You are viewing a plain text version of this content. The canonical link for it is here.
Posted to java-user@lucene.apache.org by zzzzz shalev <zz...@yahoo.com> on 2006/10/20 12:25:17 UTC

part of speech tagger

hello all,
   
    i would like to retrieve during query time, the part of speech of each word in a query,
  does anyone know of an implementation of a java part of speech api?
   
  thanks in advance,
   
   

 		
---------------------------------
Stay in the know. Pulse on the new Yahoo.com.  Check it out. 

Re: part of speech tagger

Posted by Grant Ingersoll <gs...@apache.org>.
Google Brill tagger or Brill part of speech tagger.  I believe there  
is a Java API.  It is trainable, as well.

-Grant

On Oct 20, 2006, at 6:25 AM, zzzzz shalev wrote:

> hello all,
>
>     i would like to retrieve during query time, the part of speech  
> of each word in a query,
>   does anyone know of an implementation of a java part of speech api?
>
>   thanks in advance,
>
>
>
>  		
> ---------------------------------
> Stay in the know. Pulse on the new Yahoo.com.  Check it out.
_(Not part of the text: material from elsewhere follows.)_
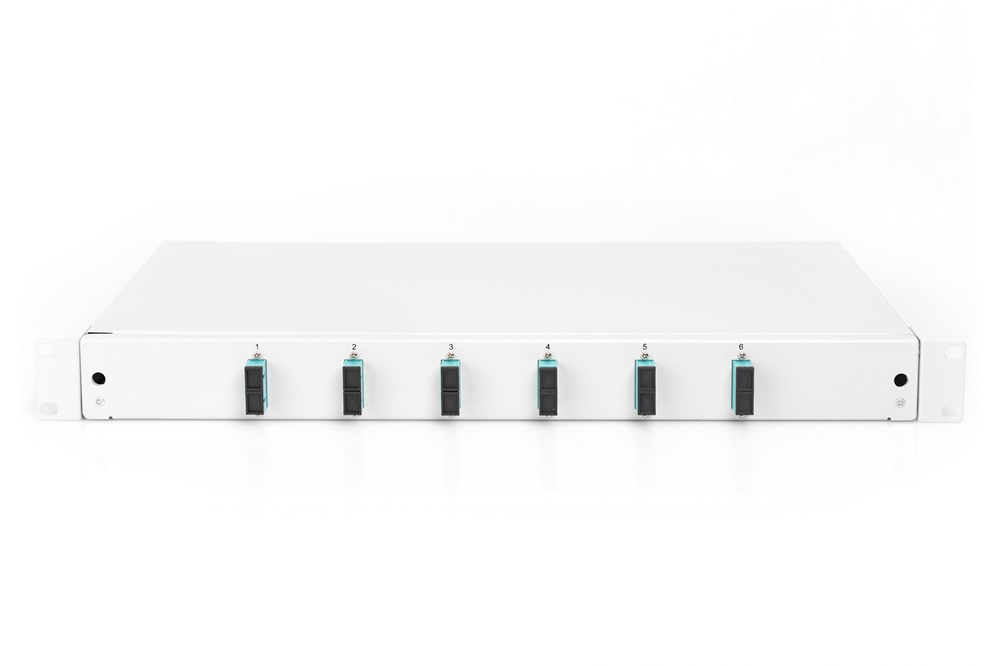 DIGITUS DN-96320/3 1U 6xSC duplex OM3 toldóval pigtaillel és kötőkazettával szerelt optikai rendező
--------------------------
Grant Ingersoll
Sr. Software Engineer
Center for Natural Language Processing
Syracuse University
335 Hinds Hall
Syracuse, NY 13244
http://www.cnlp.org




---------------------------------------------------------------------
To unsubscribe, e-mail: java-user-unsubscribe@lucene.apache.org
For additional commands, e-mail: java-user-help@lucene.apache.org


Re: part of speech tagger

Posted by Bob Carpenter <ca...@alias-i.com>.
zzzzz shalev wrote:
> hello all,
>    
>     i would like to retrieve during query time, the part of speech of each word in a query,
>   does anyone know of an implementation of a java part of speech api?

The standard statistical POS taggers, such as
the ones recommended (Brill's, OpenNLP, LingPipe)
use syntactic context to disambiguate.   (Aramorph
is the exception.)  Some of them, such as ours (LingPipe),
can return multiple answers with confidence scores.
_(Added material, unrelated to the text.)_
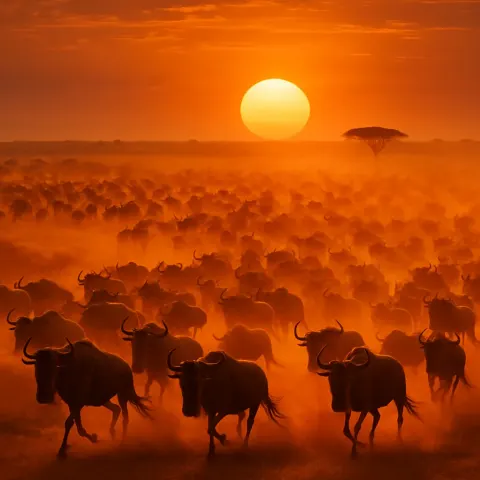 Vast Herd of Distant Wildebeest Stampedes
What they can't do is determine the part-of-speech
of words in a bag of words from a query.  So whether
this will work will depend on whether the queries
come in in whole sentences.

Most of these systems are trained on newswire, too,
so they won't do as well with questions, which have
different syntactic forms in most languages.

For instance, "run home" might be a verb (run)
and noun (home), or the query might be about baseball
and it's really two nouns, "run" and "home" (not to
be confused with "home run", which is a compound
noun with an idiomatic meaning in baseball).

- Bob

---------------------------------------------------------------------
To unsubscribe, e-mail: java-user-unsubscribe@lucene.apache.org
For additional commands, e-mail: java-user-help@lucene.apache.org


Re: part of speech tagger

Posted by Breck Baldwin <br...@alias-i.com>.
LingPipe has one, see a tutorial at:

http://alias-i.com/lingpipe/demos/tutorial/posTags/read-me.html

Also look at the competition for academic packages that may or may not 
have POS taggers. See:

http://alias-i.com/lingpipe/web/competition.html

breck (disclosure--we make LingPipe)

zzzzz shalev wrote:
> hello all,
>    
>     i would like to retrieve during query time, the part of speech of each word in a query,
>   does anyone know of an implementation of a java part of speech api?
>    
>   thanks in advance,
>    
>    
> 
>  		
> ---------------------------------
> Stay in the know. Pulse on the new Yahoo.com.  Check it out. 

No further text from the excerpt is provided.